So liest du die Inhaltsstoffliste deiner Kosmetikprodukte

So liest du die Inhaltsstoffliste deiner Kosmetikprodukte

Zunächst einmal: Toll, dass du mehr darüber erfahren möchtest, was in den Kosmetikprodukten enthalten ist, die du täglich auf deine Haut aufträgst. Ich stelle fest, dass immer mehr Frauen in meinem Umfeld bewusste Kaufentscheidungen treffen wollen, und das freut mich sehr. Denn das ist nicht nur eine gute Entwicklung für dich selbst, sondern durch bewussten Einkauf hast du auch Einfluss auf die Hersteller von Kosmetikprodukten.

Superfoods, Powerfoods sowie Bio-Gemüse und -Fleisch liegen voll im Trend. Du weißt, dass das, was du isst, direkten Einfluss auf deinen Körper und darauf hat, wie du dich fühlst. Und hin und wieder machst du vielleicht auch noch eine Entgiftungskur. Gut so!
Aber wusstest du, dass das, was du auf deine Haut aufträgst, genauso viel Einfluss hat wie das, was du isst? Wir geben dir ein paar Beispiele.

Was du auf deine Haut aufträgst, wird von deinem Körper aufgenommen.

60 % der Kosmetikprodukte, die du auf deine Haut aufträgst, werden von deinem Körper aufgenommen. Es bleibt nicht auf deiner Haut, sondern gelangt tatsächlich in deinen Blutkreislauf, in deine Drüsen und so in deinen gesamten Körper. Denk nur an Medikamente, die du auf deine Haut auftragen musst, oder zum Beispiel Nikotinpflaster. Du klebst sie auf deine Haut und sie wirken auf deinen körperlichen Nikotinbedarf ein. Das gilt zum Beispiel auch für das Aluminium in deinem Deodorant. Und das gilt auch für Konservierungsstoffe. Was du auf deine Haut aufträgst, solltest du also eigentlich auch essen können. Bei unseren Marken Loveli und Oolaboo ist das glücklicherweise möglich. Die könntest du also technisch gesehen essen. Ob es schmeckt, ist natürlich eine andere Frage.

Was man auf die Haut aufträgt, gelangt direkt in den Blutkreislauf und wird nicht erst durch die Filter der Leber geleitet.

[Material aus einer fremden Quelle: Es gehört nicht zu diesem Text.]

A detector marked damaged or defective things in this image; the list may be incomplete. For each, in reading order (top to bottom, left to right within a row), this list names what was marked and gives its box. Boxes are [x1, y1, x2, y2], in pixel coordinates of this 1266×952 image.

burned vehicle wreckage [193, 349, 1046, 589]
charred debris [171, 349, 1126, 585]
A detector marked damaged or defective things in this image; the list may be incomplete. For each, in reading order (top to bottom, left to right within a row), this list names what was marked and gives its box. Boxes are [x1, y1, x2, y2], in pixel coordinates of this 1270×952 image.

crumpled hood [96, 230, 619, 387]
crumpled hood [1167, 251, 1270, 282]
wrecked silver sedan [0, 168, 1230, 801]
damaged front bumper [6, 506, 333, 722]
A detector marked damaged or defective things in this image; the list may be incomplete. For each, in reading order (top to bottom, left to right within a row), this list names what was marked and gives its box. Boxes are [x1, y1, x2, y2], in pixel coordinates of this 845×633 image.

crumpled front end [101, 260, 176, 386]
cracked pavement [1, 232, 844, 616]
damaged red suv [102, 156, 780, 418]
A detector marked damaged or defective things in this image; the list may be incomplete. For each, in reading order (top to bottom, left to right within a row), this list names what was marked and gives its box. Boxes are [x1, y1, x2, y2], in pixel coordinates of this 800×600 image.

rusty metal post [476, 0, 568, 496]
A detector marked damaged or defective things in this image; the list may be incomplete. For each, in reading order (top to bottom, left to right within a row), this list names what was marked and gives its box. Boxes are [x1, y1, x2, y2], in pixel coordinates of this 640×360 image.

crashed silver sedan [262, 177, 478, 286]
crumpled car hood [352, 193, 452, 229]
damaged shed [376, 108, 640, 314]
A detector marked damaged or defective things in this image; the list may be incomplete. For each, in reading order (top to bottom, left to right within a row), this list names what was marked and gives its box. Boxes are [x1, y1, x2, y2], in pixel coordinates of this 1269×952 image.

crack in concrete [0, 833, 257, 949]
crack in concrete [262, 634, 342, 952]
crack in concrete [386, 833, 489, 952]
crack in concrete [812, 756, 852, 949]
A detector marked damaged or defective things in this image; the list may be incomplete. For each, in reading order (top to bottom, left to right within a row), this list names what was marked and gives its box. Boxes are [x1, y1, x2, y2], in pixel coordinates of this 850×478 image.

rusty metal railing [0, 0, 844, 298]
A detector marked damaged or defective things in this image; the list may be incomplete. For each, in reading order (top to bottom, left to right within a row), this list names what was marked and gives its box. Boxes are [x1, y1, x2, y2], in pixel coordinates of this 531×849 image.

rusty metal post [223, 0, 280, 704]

Was du auf deine Haut aufträgst, gelangt direkt in deinen Blutkreislauf und wird nicht erst durch die Filter deiner Leber geleitet. Bei dem, was du isst, ist das hingegen der Fall. Deine Leber ist darauf spezialisiert, Schadstoffe aus deinem Körper zu entfernen. Dazu müssen diese jedoch erst an deiner Leber vorbeikommen. Was du auf deine Haut aufträgst, ist also sogar noch wichtiger als das, was du isst.

Die Resorptionsverstärker in Cremes sorgen dafür, dass die anderen Inhaltsstoffe tief in deine Haut eindringen.

Jede Creme, die du in der Drogerie kaufst, enthält einen Wirkstoffverstärker. Dieser fördert die Aufnahme. Diese Wirkstoffverstärker in Cremes sorgen dafür, dass die anderen Inhaltsstoffe tief in deine Haut eindringen. Das klingt gut, gilt aber für alle Stoffe in der Creme. Auch für die Stoffe, die du lieber nicht in deinen Körper aufnehmen möchtest, zum Beispiel Konservierungsstoffe, Aluminium, Parabene und Silikone.

Im Durchschnitt verwenden wir täglich 10 Kosmetikprodukte.

Der kumulative Effekt: Ginge es nur um diese eine Creme, wäre das kein großes Problem. Aber wir verwenden manchmal bis zu 10 verschiedene Produkte pro Tag. Und das Tag für Tag, Jahr für Jahr. Forscher haben berechnet, dass Frauen täglich bis zu 50 mg Parabenen in Kosmetika und Pflegeprodukten ausgesetzt sind. Wie diese verschiedenen chemischen Stoffe miteinander interagieren, wird nicht untersucht. Dein Körper kann nicht alle Stoffe aus deinem Körper ausscheiden. Aluminium beispielsweise reichert sich langsam, aber sicher an.

Natürlich oder synthetisch

Vielleicht macht dich das nicht gerade glücklich, und es hilft auch nicht, dass Giftstoffe zudem in der Luft, im Wasser, in deinen Reinigungsmitteln, deinem Essen und sogar in deinen Möbeln enthalten sind. Die gute Nachricht ist: Du hast selbst die Kontrolle darüber, was du auf deine Haut aufträgst. Es gibt genügend Alternativen auf dem Markt, die vollkommen natürlich sind. Und die genauso gut oder sogar besser sind als die rein gewinnorientiert entwickelten, synthetischen Produkte. Du musst nur etwas weiter schauen als bis zum Regal im Supermarkt oder in den Drogeriemarktketten um die Ecke.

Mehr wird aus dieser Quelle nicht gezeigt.